3. Results
3.1 Clinical Characteristics of the Study Population
After screening, we enrolled 878 eligible patients in the training (n = 702) and validation (n = 176) cohorts of the classification model. There were no significant between-cohort differences in the general information.
3.2 Results of the Semantic Segmentation Models
After training for 20 epochs, the performance of U-net and Deeplabv3 quickly stabilized; moreover, they had Dice coefficients of 0.953 and 0.961, respectively (Figure 4). Deeplabv3 performed slightly better than U-net. We used the Deeplabv3 network trained to segment the sinus region in CT images.
3.3 Performance of the Classification Models
When trained using a single image as a unit, the areas under the curve (AUCs) of the efficientnet_b0, resnet50, inception_resnet_v2, and Xception networks were 0.84, 0.86, 0.83, and 0.86, respectively. When trained using each patient as a unit, the AUCs of the four neural networks increased to 0.89, 0.90, 0.88, and 0.90, respectively (Figure 5). The accuracy of the training process reflects the overall classification performance of the DL models (Figure: 6).

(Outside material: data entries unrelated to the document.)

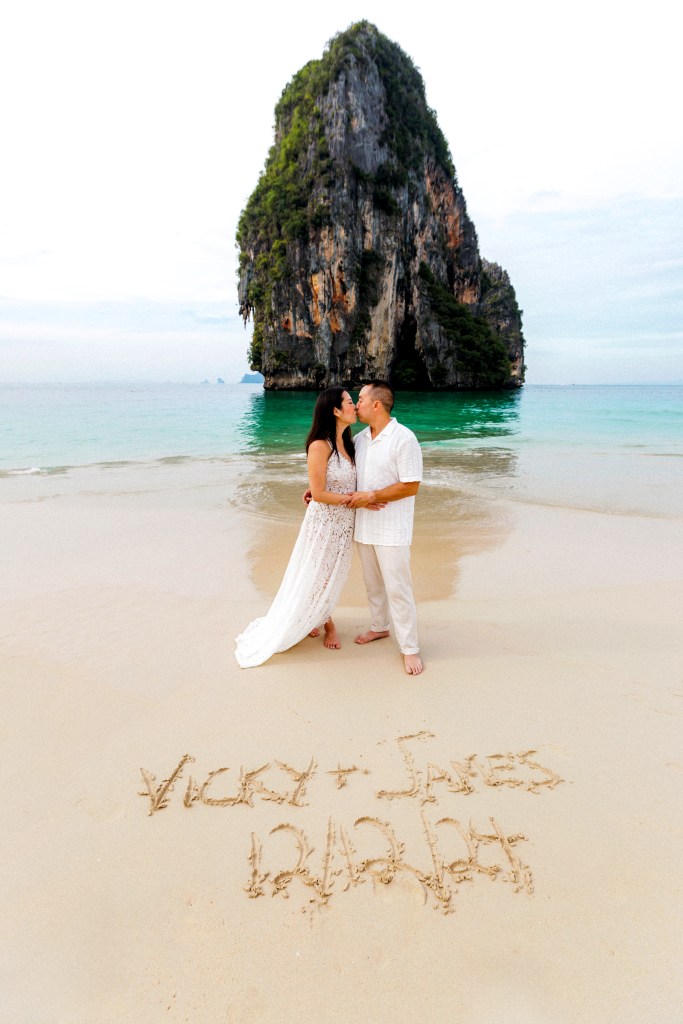 Couple kissing on a beach in front of a rock formation, with their names written in the sand.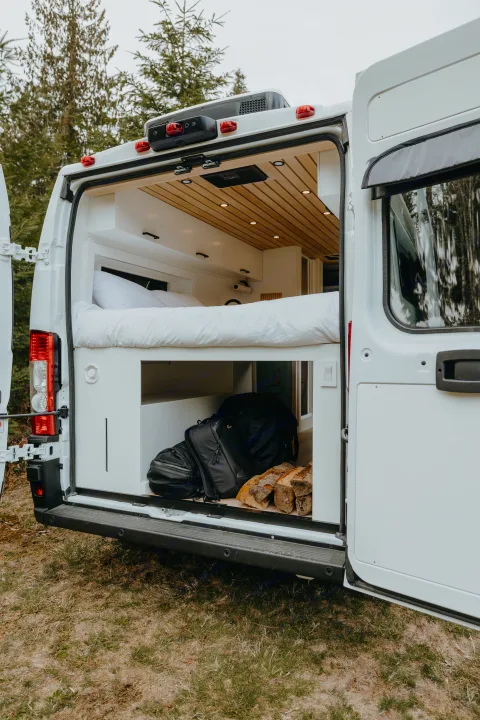 Spacious RV rental interior featuring a cozy bed, ample storage for travel gear & firewood. Perfect for adventure!. Ram Promaster 2500 2021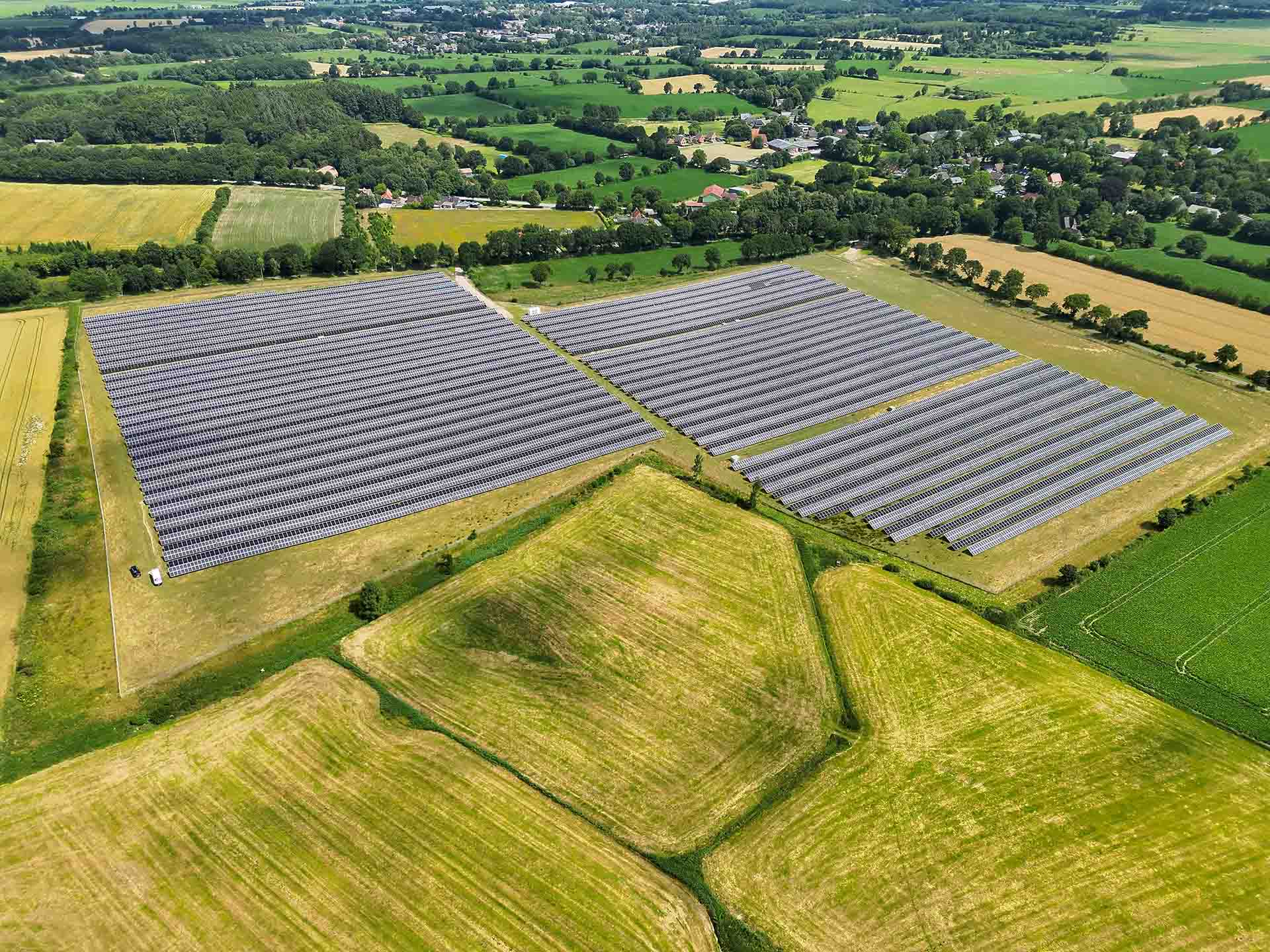 Eine Drohnenaufnahme der Photovoltaik-Freiflächenanlage in Nindorf-Farnewinkel inmitten grüner Felder.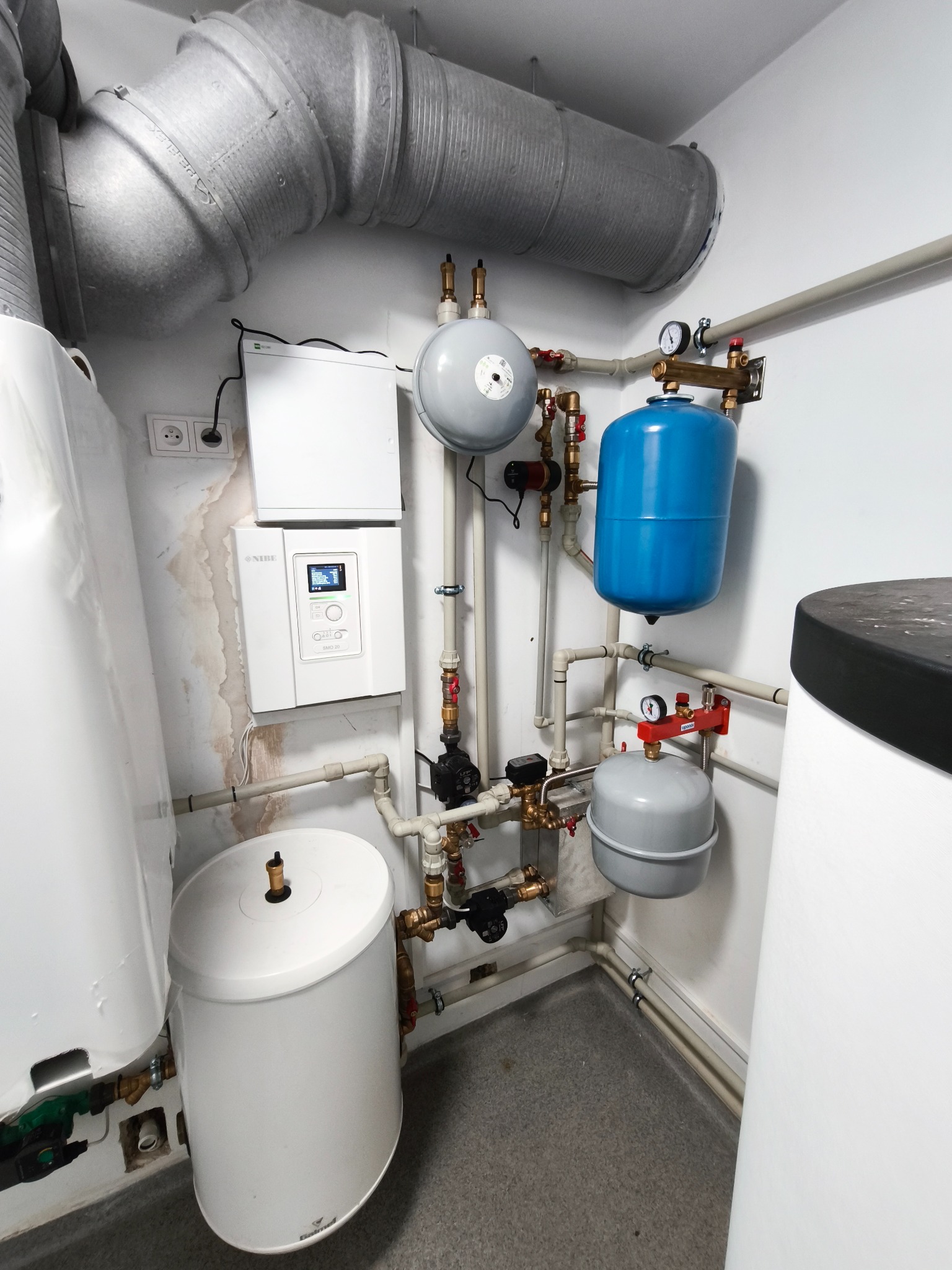 Kompaktowa kotłownia z piecem, zbiornikami wyrównawczymi i orurowaniem, widok z góry na szare płytki podłogowe i białe ściany z widocznymi śladami wilgoci.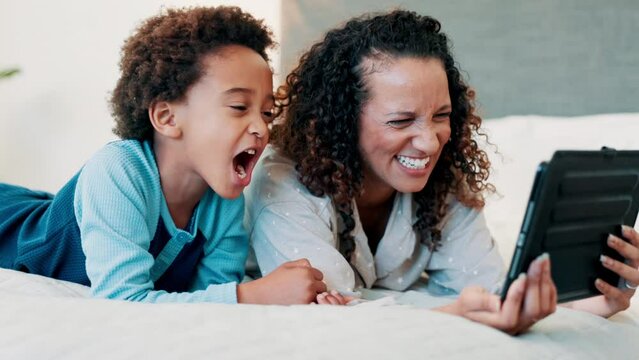Selfie, tablet and mother and son on a bed with crazy, expression or funny faces in their home. Love, family and African mom with kid in a bedroom for digital photography, profile picture or memory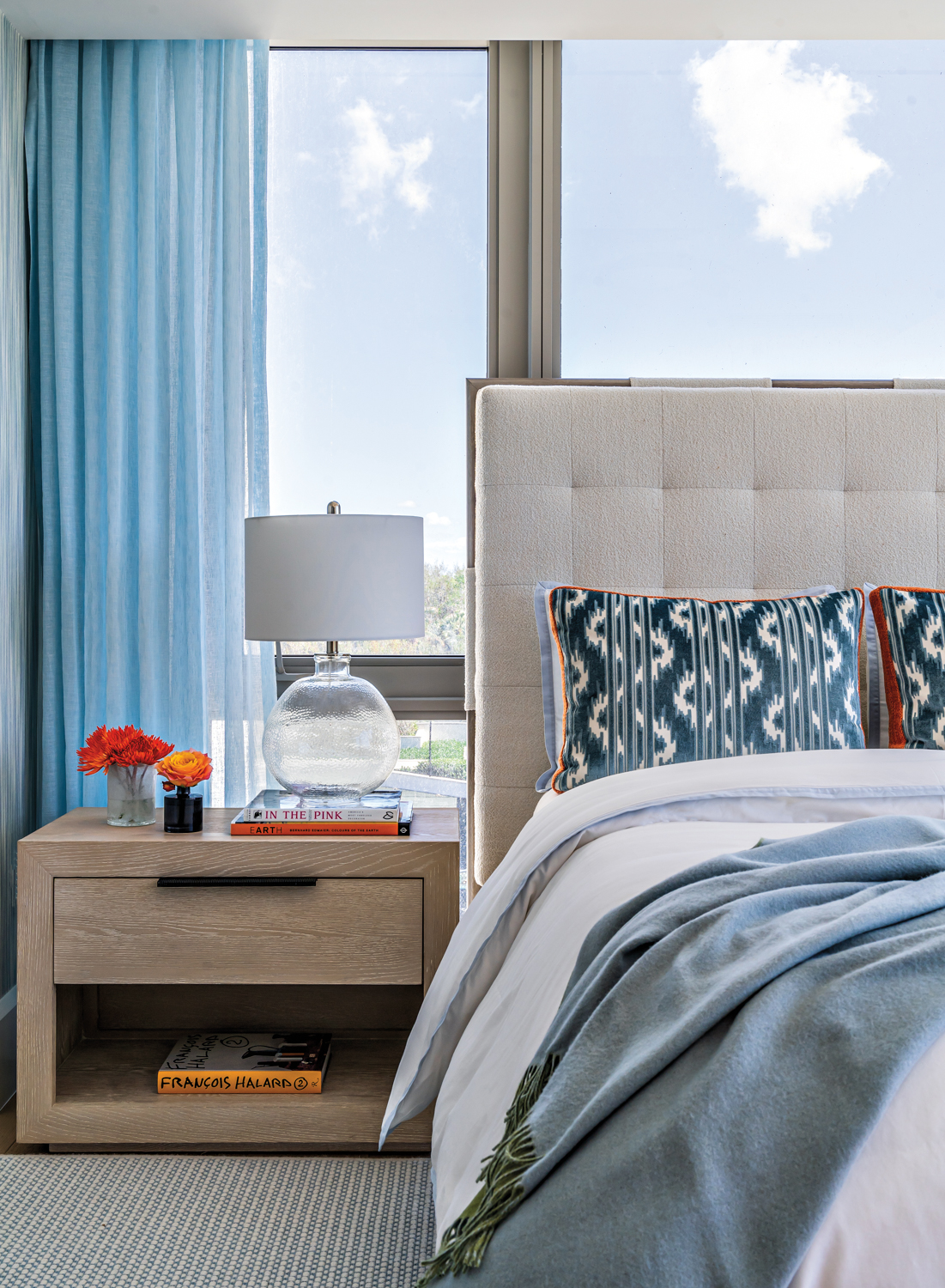 guest bedroom with blue draperies,...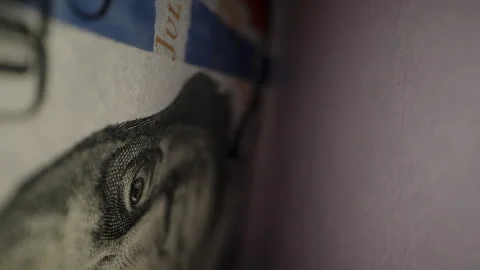 A Woman Takes A Stack Of Dollars From An Envelope And Counts Them, Dolly Zoom Stock Footage 277583311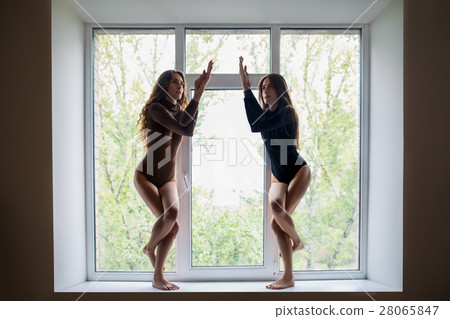 Two beautiful women doing yoga asana eagle pose on window sill 28065847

We incorporated a confusion matrix for class-wise comparison to evaluate whether the model could reliably detect and classify objects. As shown in Figures 7 and 8, the specificity and sensitivity of the four networks were higher when using each patient, rather than single images, as units.
The presentation of Grad-Cams allows elucidation of how the DL network captured image features for prediction and resolves doubts regarding the network’s ability to learn in the appropriate direction. Yellow areas shown in the Grad-Cams had the strongest correlation with the classification. For patients with ECRS, the yellow areas represent characteristics associated with an increased risk of ECRS. The efficientnet_b0 network was used as an example. Figures 9, 10, 11, and 12 show Grad-Cams for both the bone window and soft tissue window images of the patients. For both diseases, yellow areas were concentrated in areas with lesions, which is consistent with our medical experience.